→ **EXERCISE DETAILS**
Set down the data below in full and exactly, minus the pictures.

→ **COLLECTED MATERIAL**
^^^^

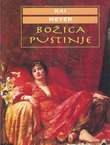Božica pustinje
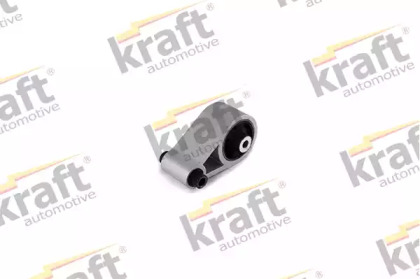 KRAFT AUTOMOTIVE 1495470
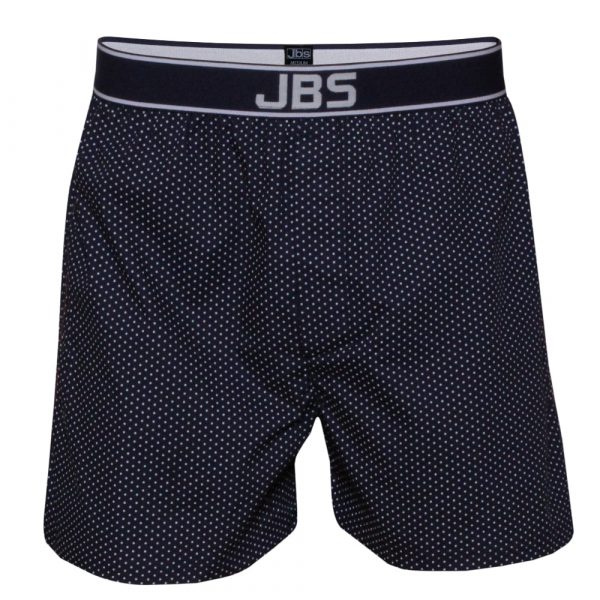 JBS Boxershorts - S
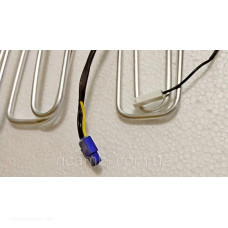 ТЭН оттайки Samsung (Самсунг) DA47-00139D для холодильника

^^^^

→ **OUTPUT OF THE TASK**
Božica pustinje
 KRAFT AUTOMOTIVE 1495470
 JBS Boxershorts - S
 ТЭН оттайки Samsung (Самсунг) DA47-00139D для холодильника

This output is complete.